La seduzione dell’anglosfera
In un volume che merita di essere letto, ‘Shadows of Empire’ (Polity Press, 2018), Michael Kenny e Nick Pearce spiegano la persistente seduzione dell’anglosfera negli inglesi (negli inglesi prima che gli altri britannici, e anche questo è importante); la convinzione che il Commonwealth possa rappresentare un ancoraggio in nome della tradizione comune anche sul piano economico (nonostante indiani, australiani, neozelandesi e canadesi si siano affrettati a smentirlo); l’idea che l’anglosfera fa sì che Londra soprattutto non possa non guardare – ed essere guardata da – Washington; la persistenza della mentalità “little englander” che ha permesso all’Inghilterra (soprattutto ad essa) di affrontare e vincere in solitudine sfide come quella della Germania nazista, e la fa ora guardare con disappunto ma non con costernazione alla possibile dissoluzione del Regno Unito; la convinzione di poter nuovamente volgere le vele al vento per trovare oltre il mare prosperità e influenza.
Il sentimento antieuropeo non ha nulla del populismo degli altri movimenti analoghi in Europa: si alimenta nel ‘rust belt’ industriale del Nord della rabbia di quella che è stata una élite operaia forte della sua identità di classe e potente, nei confronti di un ‘cosmopolitismo industriale’ che ritiene responsabile del suo degrado, incapace di fare i conti con una immigrazione che pure le consente in qualche modo di sopravvivere.

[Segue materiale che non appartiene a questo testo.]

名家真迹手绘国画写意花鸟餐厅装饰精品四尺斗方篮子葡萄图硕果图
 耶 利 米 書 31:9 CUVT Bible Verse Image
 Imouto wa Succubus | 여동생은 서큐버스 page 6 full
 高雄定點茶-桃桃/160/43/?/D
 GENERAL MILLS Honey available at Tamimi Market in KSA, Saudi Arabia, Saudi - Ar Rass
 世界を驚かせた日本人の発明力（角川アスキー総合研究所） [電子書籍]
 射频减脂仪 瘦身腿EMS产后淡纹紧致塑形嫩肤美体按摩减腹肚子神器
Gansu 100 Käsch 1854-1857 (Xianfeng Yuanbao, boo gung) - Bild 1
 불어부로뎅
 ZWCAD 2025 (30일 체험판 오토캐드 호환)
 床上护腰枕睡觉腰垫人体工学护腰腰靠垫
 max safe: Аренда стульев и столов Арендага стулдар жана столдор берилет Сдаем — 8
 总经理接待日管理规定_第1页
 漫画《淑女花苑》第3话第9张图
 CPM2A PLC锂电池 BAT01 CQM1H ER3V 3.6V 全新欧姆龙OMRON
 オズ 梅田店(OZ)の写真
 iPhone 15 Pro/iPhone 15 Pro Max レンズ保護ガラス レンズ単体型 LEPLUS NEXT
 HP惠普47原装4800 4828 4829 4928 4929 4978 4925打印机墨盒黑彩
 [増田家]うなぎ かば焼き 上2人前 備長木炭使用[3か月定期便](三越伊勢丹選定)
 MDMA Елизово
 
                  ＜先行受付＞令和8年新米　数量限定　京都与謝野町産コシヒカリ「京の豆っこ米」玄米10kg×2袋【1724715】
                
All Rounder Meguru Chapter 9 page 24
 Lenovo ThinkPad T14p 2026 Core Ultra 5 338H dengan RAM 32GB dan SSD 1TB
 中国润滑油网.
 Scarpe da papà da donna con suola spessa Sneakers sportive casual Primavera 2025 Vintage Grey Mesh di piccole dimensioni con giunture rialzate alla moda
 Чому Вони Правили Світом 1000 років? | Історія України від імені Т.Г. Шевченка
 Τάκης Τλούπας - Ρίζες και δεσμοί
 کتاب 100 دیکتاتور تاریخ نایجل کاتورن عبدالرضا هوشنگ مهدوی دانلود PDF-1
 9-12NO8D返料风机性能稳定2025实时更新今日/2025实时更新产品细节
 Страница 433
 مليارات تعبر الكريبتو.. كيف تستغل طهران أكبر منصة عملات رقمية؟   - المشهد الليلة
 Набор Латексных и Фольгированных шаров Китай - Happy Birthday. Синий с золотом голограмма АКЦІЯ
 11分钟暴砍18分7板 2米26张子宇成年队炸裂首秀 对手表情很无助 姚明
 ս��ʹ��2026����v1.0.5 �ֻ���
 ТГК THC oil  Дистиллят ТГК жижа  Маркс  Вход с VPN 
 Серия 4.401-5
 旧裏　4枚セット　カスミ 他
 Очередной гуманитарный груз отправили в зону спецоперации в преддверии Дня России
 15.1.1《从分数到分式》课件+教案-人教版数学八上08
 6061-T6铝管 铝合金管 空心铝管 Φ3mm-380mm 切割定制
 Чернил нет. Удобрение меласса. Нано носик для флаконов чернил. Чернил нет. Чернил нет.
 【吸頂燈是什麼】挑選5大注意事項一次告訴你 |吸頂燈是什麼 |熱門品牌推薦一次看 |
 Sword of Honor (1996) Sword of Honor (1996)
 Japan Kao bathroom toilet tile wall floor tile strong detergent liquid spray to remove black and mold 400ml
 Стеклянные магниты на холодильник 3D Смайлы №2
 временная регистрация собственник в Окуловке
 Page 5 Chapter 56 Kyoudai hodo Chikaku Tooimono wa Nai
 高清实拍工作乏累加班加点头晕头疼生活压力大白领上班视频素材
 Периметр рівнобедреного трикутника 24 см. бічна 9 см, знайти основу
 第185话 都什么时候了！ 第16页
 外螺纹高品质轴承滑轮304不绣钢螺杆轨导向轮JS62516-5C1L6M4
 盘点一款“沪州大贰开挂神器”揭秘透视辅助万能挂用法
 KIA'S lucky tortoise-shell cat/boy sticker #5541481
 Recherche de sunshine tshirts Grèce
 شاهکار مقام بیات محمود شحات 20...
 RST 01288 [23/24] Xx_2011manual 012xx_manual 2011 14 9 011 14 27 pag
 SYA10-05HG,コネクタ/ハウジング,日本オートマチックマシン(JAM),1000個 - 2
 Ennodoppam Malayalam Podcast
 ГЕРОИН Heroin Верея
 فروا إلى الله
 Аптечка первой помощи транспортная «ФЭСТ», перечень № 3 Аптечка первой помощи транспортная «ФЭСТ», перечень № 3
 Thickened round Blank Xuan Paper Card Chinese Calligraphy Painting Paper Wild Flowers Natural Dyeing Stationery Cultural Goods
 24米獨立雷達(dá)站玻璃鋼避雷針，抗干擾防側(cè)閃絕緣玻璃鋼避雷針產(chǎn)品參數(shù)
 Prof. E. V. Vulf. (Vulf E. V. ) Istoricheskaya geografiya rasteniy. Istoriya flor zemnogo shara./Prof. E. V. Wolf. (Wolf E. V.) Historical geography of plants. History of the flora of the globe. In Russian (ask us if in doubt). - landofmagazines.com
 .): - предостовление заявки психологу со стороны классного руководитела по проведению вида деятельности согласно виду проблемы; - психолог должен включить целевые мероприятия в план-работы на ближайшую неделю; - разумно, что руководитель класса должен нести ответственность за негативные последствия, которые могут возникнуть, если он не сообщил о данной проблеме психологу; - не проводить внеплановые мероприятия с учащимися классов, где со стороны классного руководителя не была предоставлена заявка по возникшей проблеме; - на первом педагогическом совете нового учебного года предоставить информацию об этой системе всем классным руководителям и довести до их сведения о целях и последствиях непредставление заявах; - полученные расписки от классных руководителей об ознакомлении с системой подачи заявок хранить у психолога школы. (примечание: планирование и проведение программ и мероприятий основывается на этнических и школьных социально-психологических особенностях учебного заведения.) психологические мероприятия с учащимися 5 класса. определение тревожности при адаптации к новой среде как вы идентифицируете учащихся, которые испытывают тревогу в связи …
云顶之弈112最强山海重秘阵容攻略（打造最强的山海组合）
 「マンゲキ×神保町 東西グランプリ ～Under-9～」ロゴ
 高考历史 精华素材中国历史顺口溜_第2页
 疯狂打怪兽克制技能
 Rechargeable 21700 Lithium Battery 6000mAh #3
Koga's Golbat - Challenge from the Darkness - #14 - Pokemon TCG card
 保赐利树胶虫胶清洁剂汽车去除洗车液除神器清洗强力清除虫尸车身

Una rabbia che si alimenta anche altrove nell’ostilità verso le grandi città – Londra, Birmingham, Manchester – irrimediabilmente perdute alla seduzione di un internazionalismo che nega l’essenza della britishness. Solo scorie di un passato finito, come siamo stati abituati a pensare? Kenny e Pearce – ma non solo loro – ci dicono: attenzione! Non è così. O almeno, non è solo così.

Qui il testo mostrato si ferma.